Para que caracterizar uma fraude é necessário que haja um fraudador, aquele que vai tirar vantagem a partir de uma ação de má-fé feita para enganar outras pessoas. O Bitcoin começou a partir do lançamento de um artigo que sugeria uma solução para problemas encontrados em tentativas anteriores de criar uma moeda digital (veja o artigo). Depois disso, o autor do artigo lançou o software básico de mineração para que, quem tivesse interesse, pudesse fazer parte da rede. Essa rede é descentralizada e qualquer mudança no código do software acontece após uma espécie de votação entre os mineradores. No que esse processo se assemelha a uma fraude? Talvez essa seja a acusação mais sem sentido que é feita ao Bitcoin.

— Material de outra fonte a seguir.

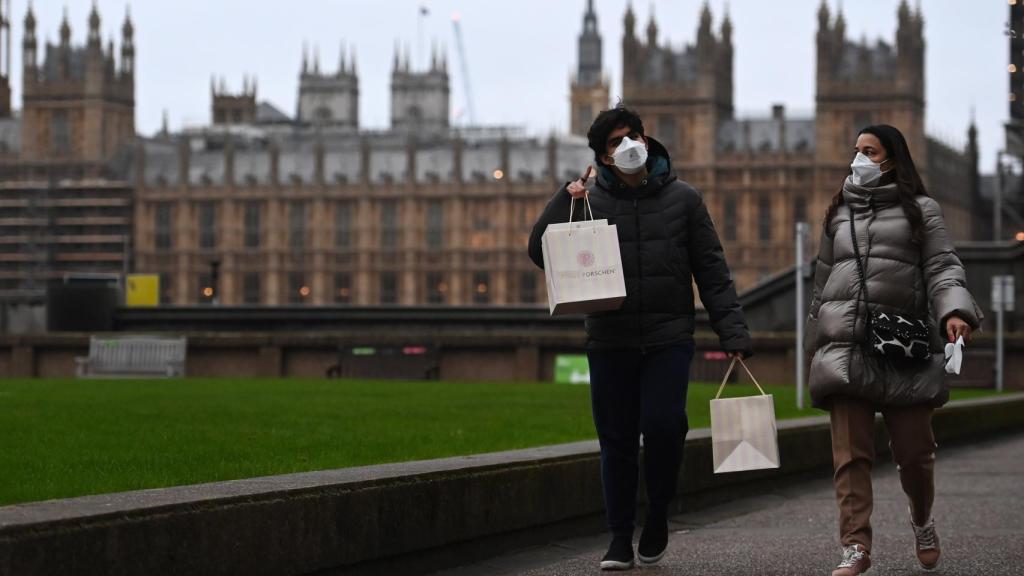 Dos ciudadanos pasean con compras navideñas cerca del Big Ben.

Gráfico bitcoin série histórica

O Bitcoin foi acusado de pirâmide porque o ganho dos usuários iniciais se deu devido a entrada de novos usuários da moeda. O esquema Ponzi (pirâmide) é um tipo especial de operação fraudulenta em que os ganhos prometidos pelo criador são pagos a partir dos novos entrantes. Em algum momento, não há mais novos entrantes suficientes para sustentar os ganhos prometidos e o esquema quebra, deixando prejuízos para os retardatários. Isso aconteceu com uma moeda digital falsa chamada Kriptacoin, que a empresa por trás do esquema oferecia rendimentos de 1% ao dia (veja mais detalhes sobre o caso). Nada disso aconteceu com o Bitcoin, não há nenhuma empresa prometendo algo e o lucros dos primeiros usuários foi devido ao aumento do preço da moeda, devido ao aumento de demanda pela moeda (novos usuários) em um ambiente em que a emissão dela é escassa (emissão máxima de 21 milhões). Pela lei de oferta de procura, qualquer bem cuja a demanda aumenta, o preço também aumenta. Se o Bitcoin é uma pirâmide por causa disso, qualquer bem ou produto desse mundo é uma pirâmide.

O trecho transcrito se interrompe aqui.